Given data –
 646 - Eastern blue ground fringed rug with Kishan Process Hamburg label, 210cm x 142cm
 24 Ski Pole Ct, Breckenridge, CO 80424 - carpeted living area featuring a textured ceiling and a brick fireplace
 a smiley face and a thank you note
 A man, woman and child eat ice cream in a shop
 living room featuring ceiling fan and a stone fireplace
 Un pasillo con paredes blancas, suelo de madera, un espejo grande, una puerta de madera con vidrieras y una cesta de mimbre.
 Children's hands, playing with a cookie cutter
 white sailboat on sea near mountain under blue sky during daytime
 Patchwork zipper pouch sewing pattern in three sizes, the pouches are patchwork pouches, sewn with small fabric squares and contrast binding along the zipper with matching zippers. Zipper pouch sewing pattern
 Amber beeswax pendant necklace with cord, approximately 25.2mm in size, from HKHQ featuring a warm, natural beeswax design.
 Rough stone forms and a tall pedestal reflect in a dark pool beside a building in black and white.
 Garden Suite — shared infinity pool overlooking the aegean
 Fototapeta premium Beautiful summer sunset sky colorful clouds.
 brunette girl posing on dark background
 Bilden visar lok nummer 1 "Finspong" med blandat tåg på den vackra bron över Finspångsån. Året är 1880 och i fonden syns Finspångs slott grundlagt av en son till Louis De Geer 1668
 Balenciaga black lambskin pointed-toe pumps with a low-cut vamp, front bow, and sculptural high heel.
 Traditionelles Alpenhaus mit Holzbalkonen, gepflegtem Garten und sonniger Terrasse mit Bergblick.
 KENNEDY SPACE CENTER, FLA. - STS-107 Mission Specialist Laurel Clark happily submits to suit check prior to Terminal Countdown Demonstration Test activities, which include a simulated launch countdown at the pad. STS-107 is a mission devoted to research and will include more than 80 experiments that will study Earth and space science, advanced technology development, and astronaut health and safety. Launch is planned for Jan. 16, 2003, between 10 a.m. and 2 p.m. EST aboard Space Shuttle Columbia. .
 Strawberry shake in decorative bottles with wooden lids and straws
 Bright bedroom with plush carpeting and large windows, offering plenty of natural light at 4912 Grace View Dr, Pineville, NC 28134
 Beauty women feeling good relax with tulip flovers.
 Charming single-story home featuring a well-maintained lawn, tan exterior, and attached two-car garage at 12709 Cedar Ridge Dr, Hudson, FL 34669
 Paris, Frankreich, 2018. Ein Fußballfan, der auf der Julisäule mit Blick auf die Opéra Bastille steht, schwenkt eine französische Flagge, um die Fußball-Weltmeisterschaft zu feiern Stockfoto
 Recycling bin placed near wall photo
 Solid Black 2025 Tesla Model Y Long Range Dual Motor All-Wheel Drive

To do –
Every line in the data that holds the string "living" should be copied.

Task answer –
 24 Ski Pole Ct, Breckenridge, CO 80424 - carpeted living area featuring a textured ceiling and a brick fireplace
 living room featuring ceiling fan and a stone fireplace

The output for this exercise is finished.